Elnur Hajiyev, Nigar Huseynova, Aysu Tinayeva, Rovshan Khalilov, Mahammad Nadirov
DOI: https://doi.org/10.30546/300045.2026.03.1.509
Abstract
Artificial intelligence (AI)-based tools are increasingly used in academia to support literature reviews, preliminary research exploration, and manuscript screening. However, their ability to perform higher-order scientific reasoning and critically evaluate research remains unclear. This study critically assessed an AI program’s analytical performance across two biomedical article types: a Q1 original research article and a Q3 review article.
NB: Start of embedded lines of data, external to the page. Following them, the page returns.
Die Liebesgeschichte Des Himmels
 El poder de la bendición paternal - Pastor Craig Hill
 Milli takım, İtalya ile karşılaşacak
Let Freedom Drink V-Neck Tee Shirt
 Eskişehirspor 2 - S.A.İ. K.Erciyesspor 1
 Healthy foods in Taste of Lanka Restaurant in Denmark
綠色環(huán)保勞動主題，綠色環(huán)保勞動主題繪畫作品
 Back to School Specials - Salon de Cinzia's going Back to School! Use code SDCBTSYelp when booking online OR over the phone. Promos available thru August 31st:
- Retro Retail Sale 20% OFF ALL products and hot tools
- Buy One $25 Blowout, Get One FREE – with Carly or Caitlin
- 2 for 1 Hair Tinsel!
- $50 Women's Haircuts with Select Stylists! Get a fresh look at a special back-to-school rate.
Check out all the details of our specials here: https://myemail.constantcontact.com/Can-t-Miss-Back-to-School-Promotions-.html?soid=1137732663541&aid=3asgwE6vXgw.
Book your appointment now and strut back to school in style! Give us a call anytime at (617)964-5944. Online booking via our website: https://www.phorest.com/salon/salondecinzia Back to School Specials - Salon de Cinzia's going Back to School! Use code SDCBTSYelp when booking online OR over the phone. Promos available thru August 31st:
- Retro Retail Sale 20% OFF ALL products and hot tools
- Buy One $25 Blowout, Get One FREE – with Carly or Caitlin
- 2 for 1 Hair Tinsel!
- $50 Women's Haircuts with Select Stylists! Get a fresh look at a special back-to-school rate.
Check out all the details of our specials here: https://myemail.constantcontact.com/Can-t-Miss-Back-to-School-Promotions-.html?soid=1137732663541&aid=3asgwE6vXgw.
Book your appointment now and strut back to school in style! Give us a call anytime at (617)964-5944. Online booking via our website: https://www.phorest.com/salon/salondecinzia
Using a qualitative, comparative case-study design, AI-generated analyses were evaluated by human experts based on interpretative accuracy, methodological awareness, quantitative reasoning, mechanistic depth, and contextual integration. The AI performed well on the review article, demonstrating strong thematic organization, conceptual summarization, and identification of broad research gaps. In contrast, its analysis of the original research article was largely descriptive, with limited engagement in quantitative data interpretation, mechanistic insight, and methodological critique, and included overgeneralizations of biological conclusions. These findings indicate that while AI tools can support literature exploration and education, they are not yet suitable as independent evaluators of high-impact research. Future development should focus on quantitative reasoning, mechanistic interpretation, and article-type–aware strategies to enhance scientific rigor.